- **Your assignment**: Could you transcribe every record below exactly as written, leaving out any pictures?

**** Material provided ****

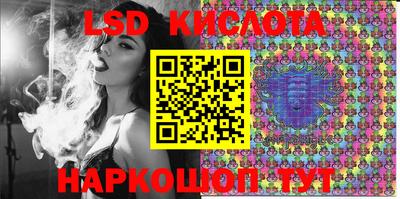 шишки Нарткала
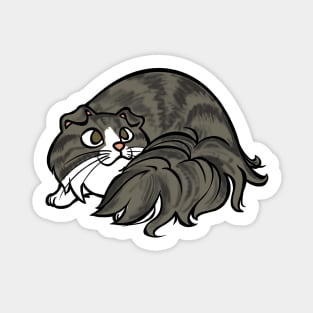 All Curled Up--Longhaired Scottish Fold Tabby Style Sticker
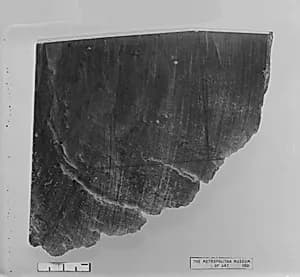 Fragment by Unknown Artist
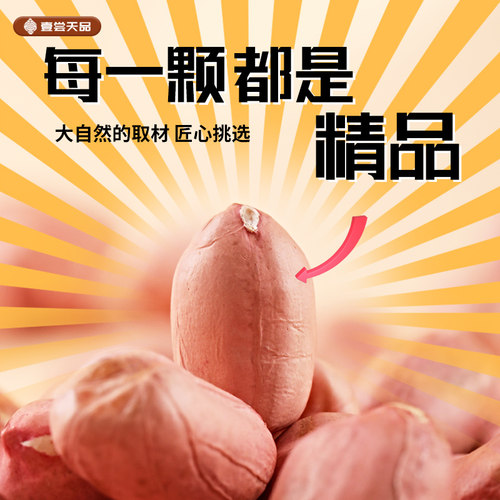 东北新鲜白沙花生米24年农家新货晒干无壳特大粒粉红皮花生仁商用 - 图0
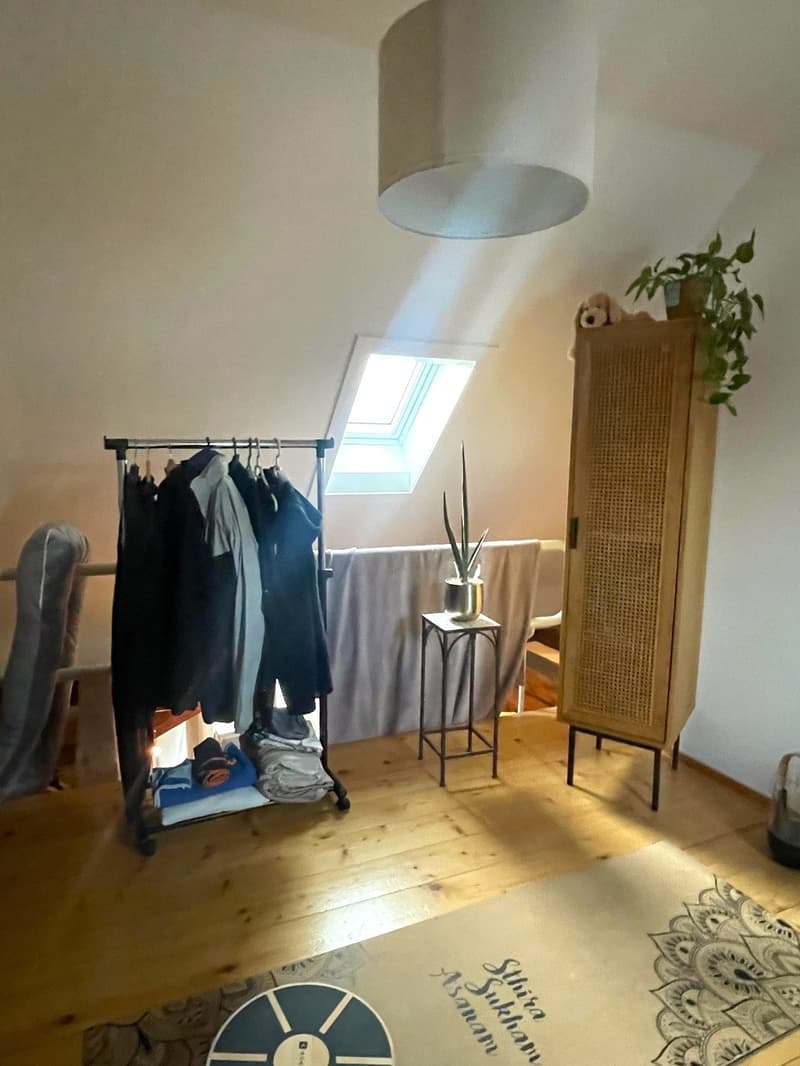Charming attic apartment in the heart of Solothurn (5)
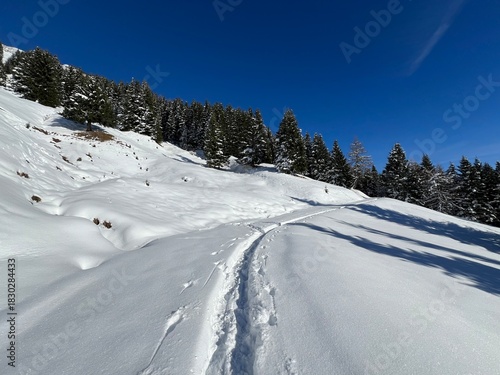 Wonderful winter hiking trails and traces in the fresh alpine snow cover of the Swiss Alps and over the village of St. Antönien - Canton of Grisons, Switzerland (Kanton Graubünden, Schweiz)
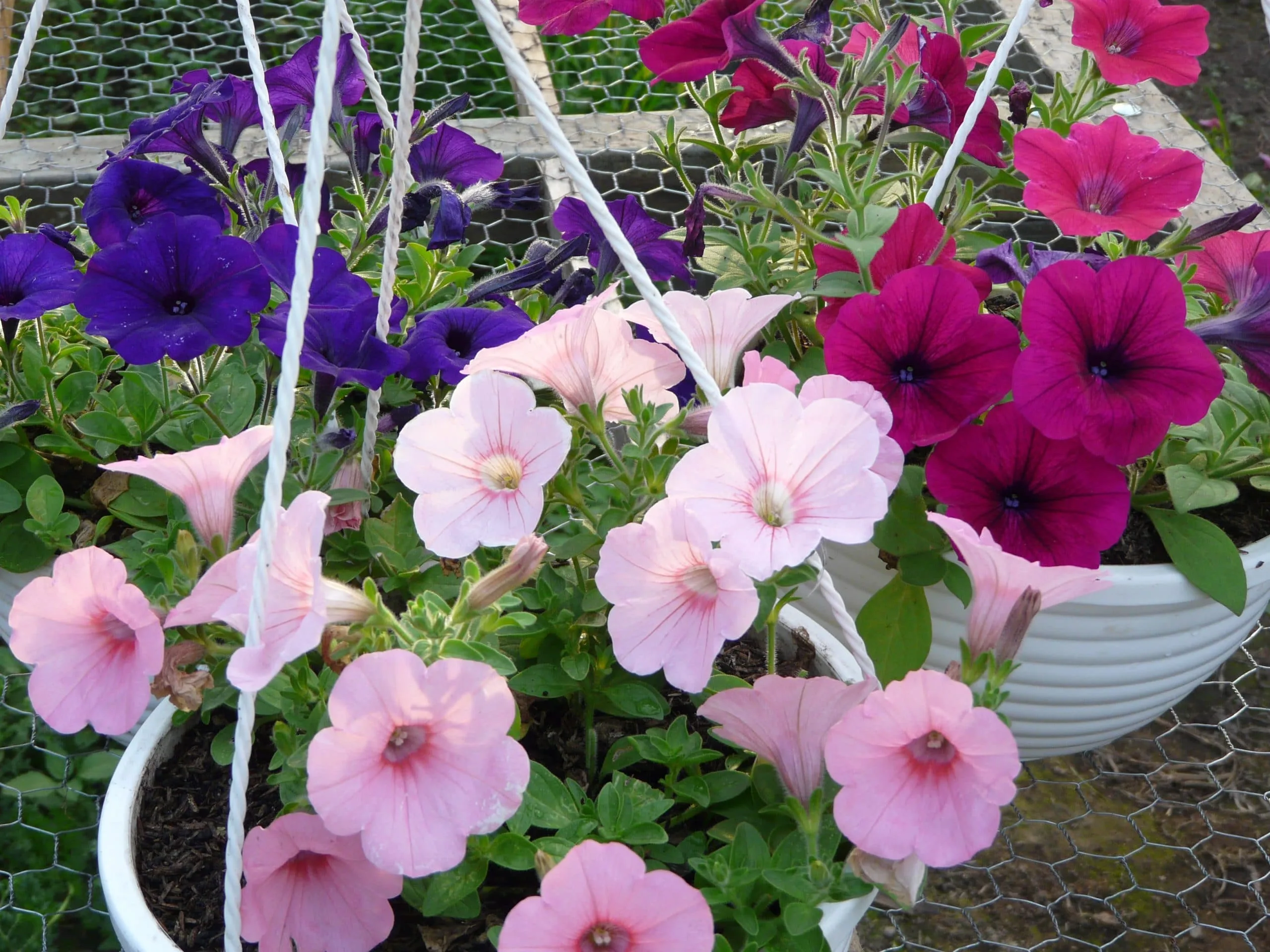 Petunia x 3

****

- **Finished exercise**:
 шишки Нарткала
 All Curled Up--Longhaired Scottish Fold Tabby Style Sticker
 Fragment by Unknown Artist
 东北新鲜白沙花生米24年农家新货晒干无壳特大粒粉红皮花生仁商用 - 图0
Charming attic apartment in the heart of Solothurn (5)
 Wonderful winter hiking trails and traces in the fresh alpine snow cover of the Swiss Alps and over the village of St. Antönien - Canton of Grisons, Switzerland (Kanton Graubünden, Schweiz)
 Petunia x 3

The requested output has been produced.